WAG - Okay, there seems to have been some questions about the title.
When I say "Gap," it's not JUST a play on TS Garp from the Irving novel, it's alto mocking Gap the retail store.
We live in a "modern" society not quite envisioned by many futurists.
We were supposed to have peace, unity, and utopia.
We have chaos, craziness, and capitalism (I'm not bashing capitalism here, I'm just saying it's not what some writers had in mind).
It's a nutty commercial society. Television advertising takes up more time each year, sporting events have long lines of corporate sponsors waiting to tie in their participation with their PR (Johnson's Cottage Cheese: The OFFICIAL Curd-Based Dairy Product of the 2004 Olympic Games), and one can't walk to class without being assaulted by some kind of media.
Sometimes this is good. Sometimes this is bad, but it's always ever-present.
The World According to Gap is meant to comment upon all facets of the "modern" world I come into contact, be it the book I'm reading one week or the wacky people dancing on the television trying to convince me to buy their pants.

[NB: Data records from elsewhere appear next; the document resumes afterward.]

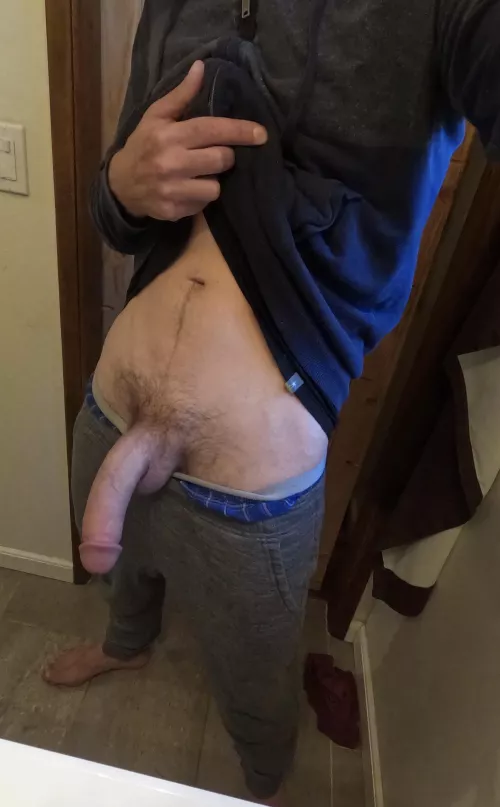 Pull down these gray sweats (42)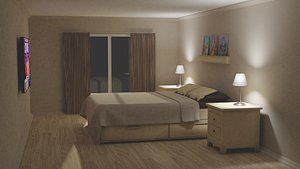 3D small room model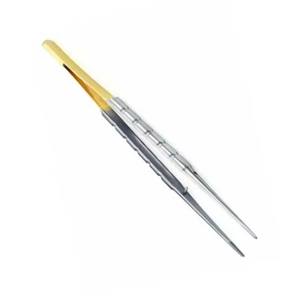 Pinzas Quirúrgicas Dentales Micro Castroviejo de Acero Inoxidable Dorado, Pinzas para Suturas de Cirugía Menor, Instrumento Médico OEM - Product Image 3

I apologize I was only able to work in two jokes into the title. I'll work harder on that in the future.
Apologies also go out to anyone who happens to tune into my website when I'm making changes. One minute the letters are black, then they're blue, then green. Script appears and disappears out of nowhere (though now there is a Comments Page at the bottom of the screen). All that shifting can put a person on their guard without reason.
Not that a little paranoia ever hurt anyone.
Just remember to draw the line before you find yourself wearing a aluminum foil hat.
Earth metals don't stop the alien mind scanners anyway... Goodnight folks!